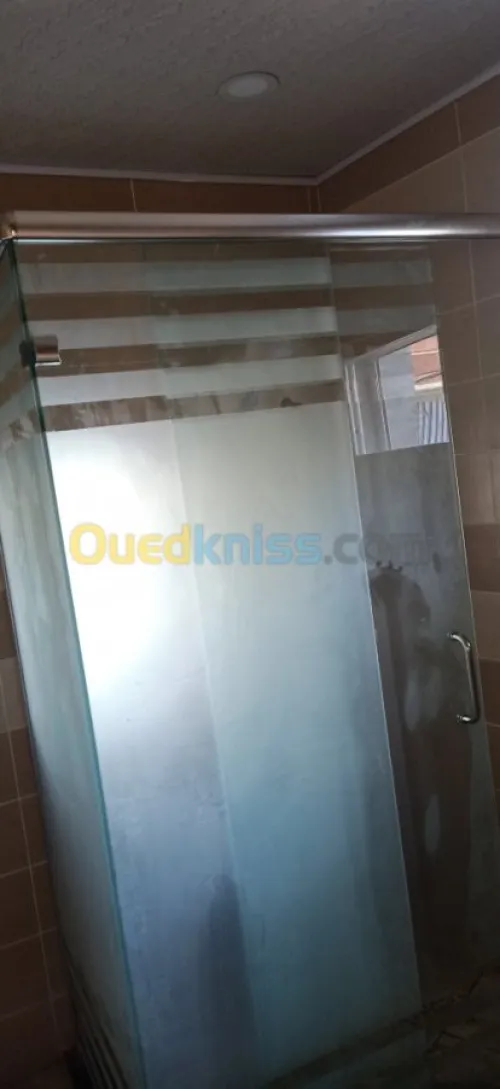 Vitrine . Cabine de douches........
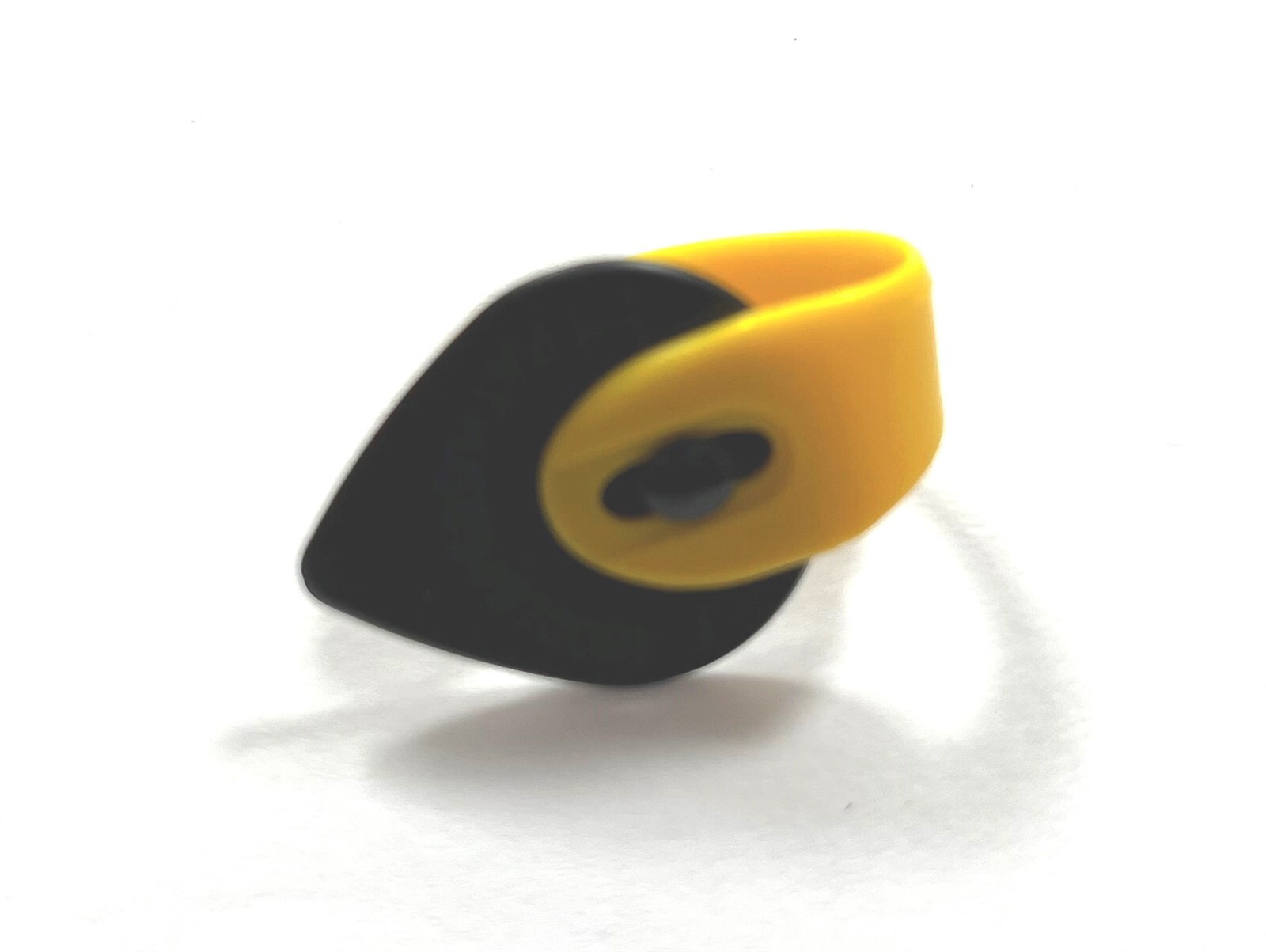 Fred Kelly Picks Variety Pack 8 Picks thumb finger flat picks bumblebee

--

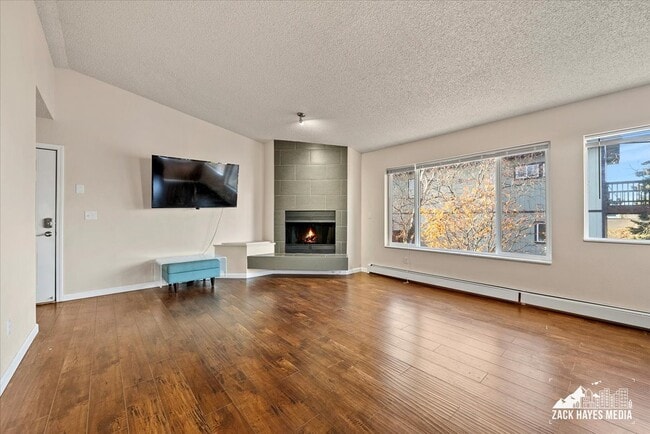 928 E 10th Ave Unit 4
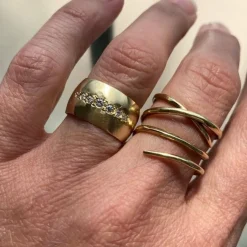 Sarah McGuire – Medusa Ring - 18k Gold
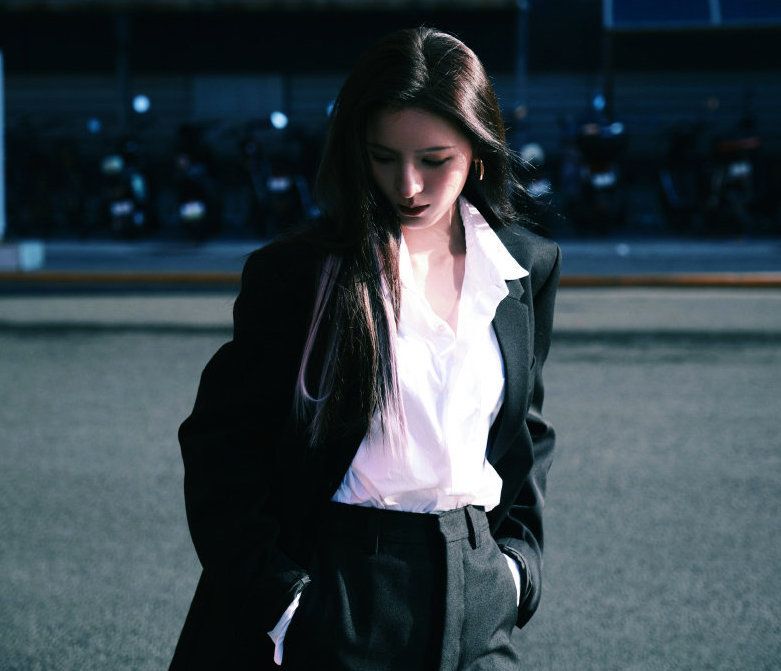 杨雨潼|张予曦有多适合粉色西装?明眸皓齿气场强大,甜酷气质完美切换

WHAT YOU ARE ASKED TO DO: Starting at the line that contains "Vitrine . Cabine de douches........" and ending at the line that contains "Fred Kelly Picks", transcribe the material above exactly, excluding pictures.

RESPONSE TO THE EXERCISE:
 Vitrine . Cabine de douches........
 Fred Kelly Picks Variety Pack 8 Picks thumb finger flat picks bumblebee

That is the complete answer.